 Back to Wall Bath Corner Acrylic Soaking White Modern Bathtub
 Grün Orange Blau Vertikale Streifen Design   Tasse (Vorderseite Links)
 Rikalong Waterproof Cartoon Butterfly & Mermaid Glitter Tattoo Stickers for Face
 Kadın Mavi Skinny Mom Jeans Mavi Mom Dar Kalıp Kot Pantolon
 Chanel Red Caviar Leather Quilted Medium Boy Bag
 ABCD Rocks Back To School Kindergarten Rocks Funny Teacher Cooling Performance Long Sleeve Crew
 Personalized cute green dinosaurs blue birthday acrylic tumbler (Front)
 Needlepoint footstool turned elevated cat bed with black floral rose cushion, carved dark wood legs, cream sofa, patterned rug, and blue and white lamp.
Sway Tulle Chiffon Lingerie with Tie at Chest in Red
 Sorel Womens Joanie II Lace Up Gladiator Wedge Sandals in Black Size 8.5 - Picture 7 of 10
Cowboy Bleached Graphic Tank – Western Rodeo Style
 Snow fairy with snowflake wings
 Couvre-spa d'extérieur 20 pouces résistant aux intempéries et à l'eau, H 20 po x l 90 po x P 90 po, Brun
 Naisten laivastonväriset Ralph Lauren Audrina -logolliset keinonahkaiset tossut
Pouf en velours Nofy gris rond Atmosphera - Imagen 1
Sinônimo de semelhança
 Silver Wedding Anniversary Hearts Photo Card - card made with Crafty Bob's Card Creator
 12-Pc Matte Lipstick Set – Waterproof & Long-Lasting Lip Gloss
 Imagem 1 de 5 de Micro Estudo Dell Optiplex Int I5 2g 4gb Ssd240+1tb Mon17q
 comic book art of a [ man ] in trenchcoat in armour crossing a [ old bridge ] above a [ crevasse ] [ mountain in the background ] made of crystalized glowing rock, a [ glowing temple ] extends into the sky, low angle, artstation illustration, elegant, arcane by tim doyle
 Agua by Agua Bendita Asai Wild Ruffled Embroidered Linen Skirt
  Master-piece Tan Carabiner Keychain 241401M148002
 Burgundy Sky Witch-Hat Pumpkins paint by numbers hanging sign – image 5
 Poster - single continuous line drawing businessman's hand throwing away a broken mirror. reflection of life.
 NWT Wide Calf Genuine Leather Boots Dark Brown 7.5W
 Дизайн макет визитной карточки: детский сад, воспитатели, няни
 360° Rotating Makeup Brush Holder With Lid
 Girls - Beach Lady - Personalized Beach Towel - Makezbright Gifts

++++

■ WHAT IS REQUIRED: Quote all the records exactly, please, leaving none out.

■ YOUR RESPONSE:
 Back to Wall Bath Corner Acrylic Soaking White Modern Bathtub
 Grün Orange Blau Vertikale Streifen Design   Tasse (Vorderseite Links)
 Rikalong Waterproof Cartoon Butterfly & Mermaid Glitter Tattoo Stickers for Face
 Kadın Mavi Skinny Mom Jeans Mavi Mom Dar Kalıp Kot Pantolon
 Chanel Red Caviar Leather Quilted Medium Boy Bag
 ABCD Rocks Back To School Kindergarten Rocks Funny Teacher Cooling Performance Long Sleeve Crew
 Personalized cute green dinosaurs blue birthday acrylic tumbler (Front)
 Needlepoint footstool turned elevated cat bed with black floral rose cushion, carved dark wood legs, cream sofa, patterned rug, and blue and white lamp.
Sway Tulle Chiffon Lingerie with Tie at Chest in Red
 Sorel Womens Joanie II Lace Up Gladiator Wedge Sandals in Black Size 8.5 - Picture 7 of 10
Cowboy Bleached Graphic Tank – Western Rodeo Style
 Snow fairy with snowflake wings
 Couvre-spa d'extérieur 20 pouces résistant aux intempéries et à l'eau, H 20 po x l 90 po x P 90 po, Brun
 Naisten laivastonväriset Ralph Lauren Audrina -logolliset keinonahkaiset tossut
Pouf en velours Nofy gris rond Atmosphera - Imagen 1
Sinônimo de semelhança
 Silver Wedding Anniversary Hearts Photo Card - card made with Crafty Bob's Card Creator
 12-Pc Matte Lipstick Set – Waterproof & Long-Lasting Lip Gloss
 Imagem 1 de 5 de Micro Estudo Dell Optiplex Int I5 2g 4gb Ssd240+1tb Mon17q
 comic book art of a [ man ] in trenchcoat in armour crossing a [ old bridge ] above a [ crevasse ] [ mountain in the background ] made of crystalized glowing rock, a [ glowing temple ] extends into the sky, low angle, artstation illustration, elegant, arcane by tim doyle
 Agua by Agua Bendita Asai Wild Ruffled Embroidered Linen Skirt
  Master-piece Tan Carabiner Keychain 241401M148002
 Burgundy Sky Witch-Hat Pumpkins paint by numbers hanging sign – image 5
 Poster - single continuous line drawing businessman's hand throwing away a broken mirror. reflection of life.
 NWT Wide Calf Genuine Leather Boots Dark Brown 7.5W
 Дизайн макет визитной карточки: детский сад, воспитатели, няни
 360° Rotating Makeup Brush Holder With Lid
 Girls - Beach Lady - Personalized Beach Towel - Makezbright Gifts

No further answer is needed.